##### Data excerpt #####
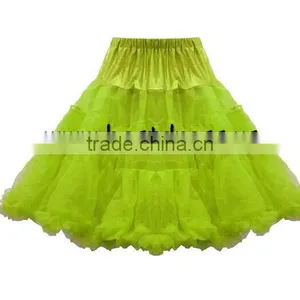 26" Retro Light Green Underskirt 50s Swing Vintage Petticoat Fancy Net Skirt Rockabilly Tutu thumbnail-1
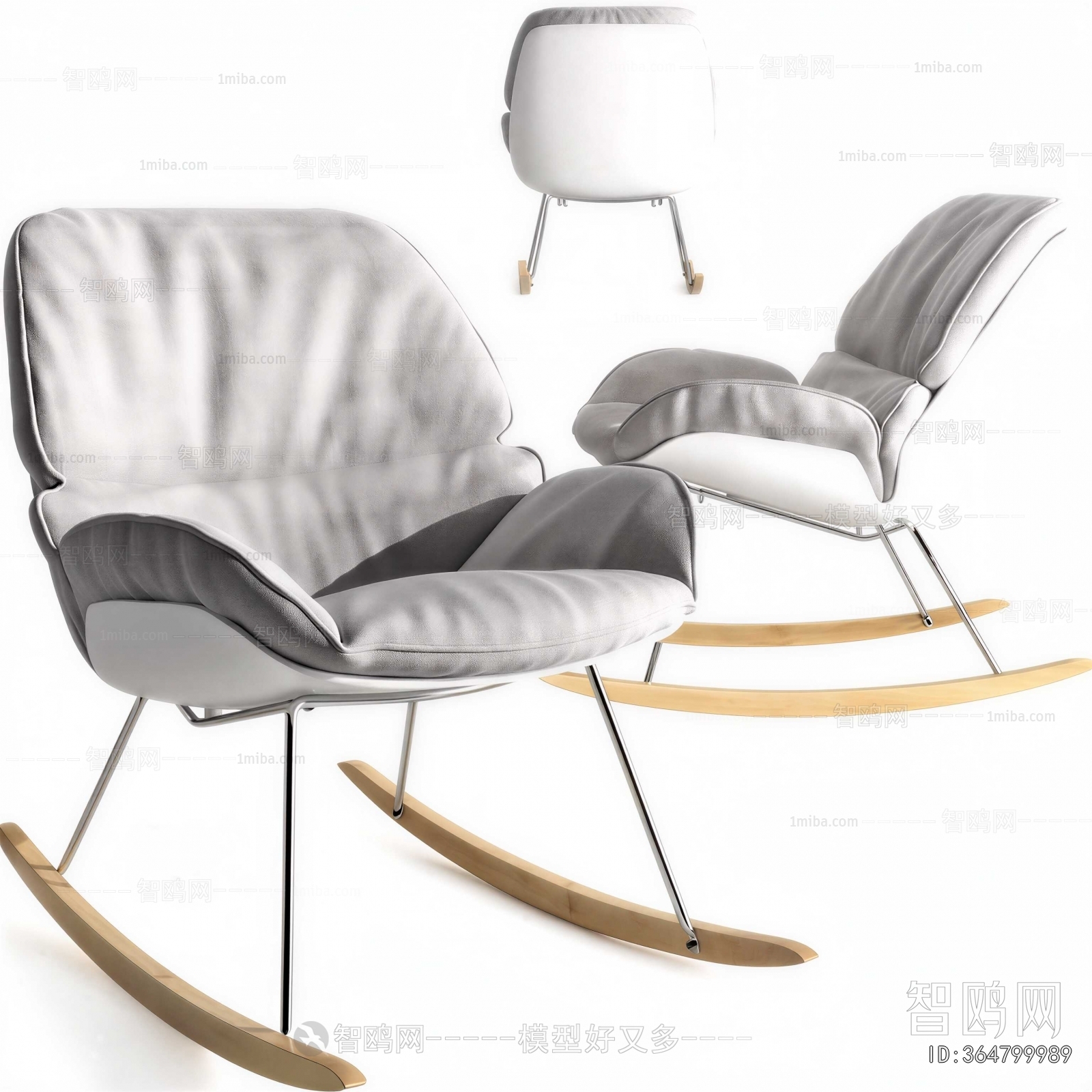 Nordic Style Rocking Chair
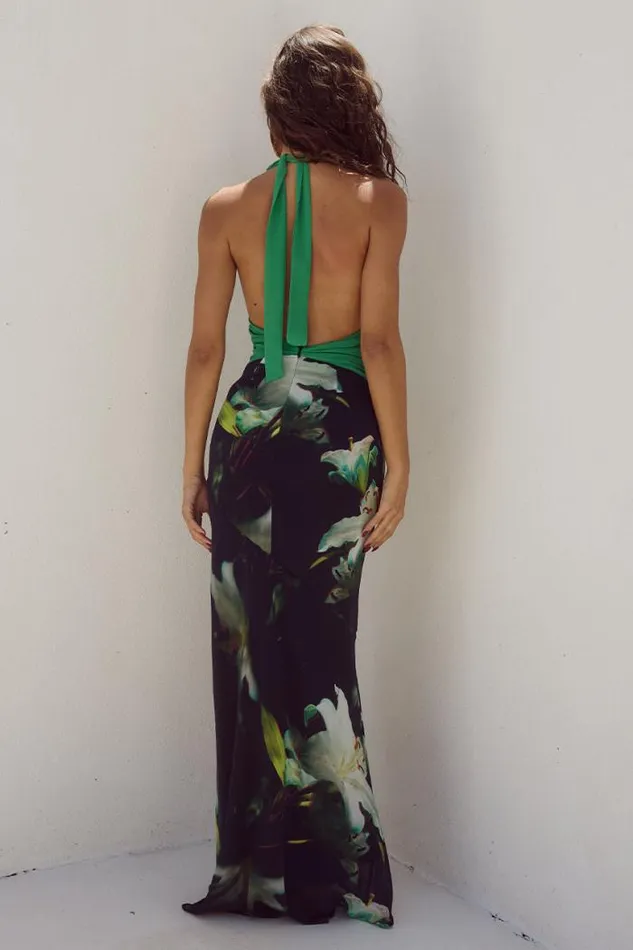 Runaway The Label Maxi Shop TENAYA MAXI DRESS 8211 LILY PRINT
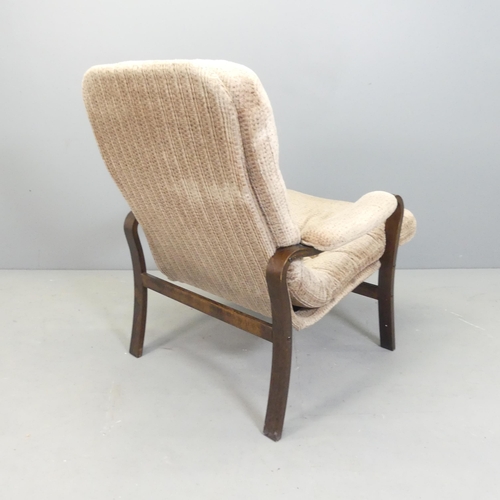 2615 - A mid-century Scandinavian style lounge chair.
#####
→ **Exercise goal**
Line by line, output the material above exactly, passing over the pictures.

→ **Output**
 26" Retro Light Green Underskirt 50s Swing Vintage Petticoat Fancy Net Skirt Rockabilly Tutu thumbnail-1
 Nordic Style Rocking Chair
 Runaway The Label Maxi Shop TENAYA MAXI DRESS 8211 LILY PRINT
 2615 - A mid-century Scandinavian style lounge chair.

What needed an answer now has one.